Extracted data
--
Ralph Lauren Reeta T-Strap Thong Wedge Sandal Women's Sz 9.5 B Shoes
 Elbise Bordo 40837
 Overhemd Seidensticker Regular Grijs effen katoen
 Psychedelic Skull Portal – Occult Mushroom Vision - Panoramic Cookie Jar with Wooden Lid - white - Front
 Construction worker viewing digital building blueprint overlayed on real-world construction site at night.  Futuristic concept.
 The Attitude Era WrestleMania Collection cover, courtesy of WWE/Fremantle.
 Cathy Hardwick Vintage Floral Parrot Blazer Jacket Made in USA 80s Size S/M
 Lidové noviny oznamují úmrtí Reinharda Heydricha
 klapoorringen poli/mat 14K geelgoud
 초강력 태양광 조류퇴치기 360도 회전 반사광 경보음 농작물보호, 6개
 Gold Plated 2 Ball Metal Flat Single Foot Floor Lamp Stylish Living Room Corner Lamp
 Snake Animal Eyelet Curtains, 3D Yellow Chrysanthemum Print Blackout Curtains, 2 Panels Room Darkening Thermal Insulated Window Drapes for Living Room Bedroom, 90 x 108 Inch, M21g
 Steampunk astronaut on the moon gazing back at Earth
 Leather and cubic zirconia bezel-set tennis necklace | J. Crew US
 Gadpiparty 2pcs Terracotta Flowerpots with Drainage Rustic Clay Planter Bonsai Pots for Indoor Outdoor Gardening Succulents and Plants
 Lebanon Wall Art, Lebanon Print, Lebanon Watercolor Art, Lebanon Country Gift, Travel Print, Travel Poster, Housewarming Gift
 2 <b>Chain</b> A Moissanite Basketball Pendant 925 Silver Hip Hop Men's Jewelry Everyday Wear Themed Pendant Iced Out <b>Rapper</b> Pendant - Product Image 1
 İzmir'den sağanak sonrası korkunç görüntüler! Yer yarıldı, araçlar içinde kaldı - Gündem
--
The task
The reply should be a precise retyping of all the data.

Result
Ralph Lauren Reeta T-Strap Thong Wedge Sandal Women's Sz 9.5 B Shoes
 Elbise Bordo 40837
 Overhemd Seidensticker Regular Grijs effen katoen
 Psychedelic Skull Portal – Occult Mushroom Vision - Panoramic Cookie Jar with Wooden Lid - white - Front
 Construction worker viewing digital building blueprint overlayed on real-world construction site at night.  Futuristic concept.
 The Attitude Era WrestleMania Collection cover, courtesy of WWE/Fremantle.
 Cathy Hardwick Vintage Floral Parrot Blazer Jacket Made in USA 80s Size S/M
 Lidové noviny oznamují úmrtí Reinharda Heydricha
 klapoorringen poli/mat 14K geelgoud
 초강력 태양광 조류퇴치기 360도 회전 반사광 경보음 농작물보호, 6개
 Gold Plated 2 Ball Metal Flat Single Foot Floor Lamp Stylish Living Room Corner Lamp
 Snake Animal Eyelet Curtains, 3D Yellow Chrysanthemum Print Blackout Curtains, 2 Panels Room Darkening Thermal Insulated Window Drapes for Living Room Bedroom, 90 x 108 Inch, M21g
 Steampunk astronaut on the moon gazing back at Earth
 Leather and cubic zirconia bezel-set tennis necklace | J. Crew US
 Gadpiparty 2pcs Terracotta Flowerpots with Drainage Rustic Clay Planter Bonsai Pots for Indoor Outdoor Gardening Succulents and Plants
 Lebanon Wall Art, Lebanon Print, Lebanon Watercolor Art, Lebanon Country Gift, Travel Print, Travel Poster, Housewarming Gift
 2 <b>Chain</b> A Moissanite Basketball Pendant 925 Silver Hip Hop Men's Jewelry Everyday Wear Themed Pendant Iced Out <b>Rapper</b> Pendant - Product Image 1
 İzmir'den sağanak sonrası korkunç görüntüler! Yer yarıldı, araçlar içinde kaldı - Gündem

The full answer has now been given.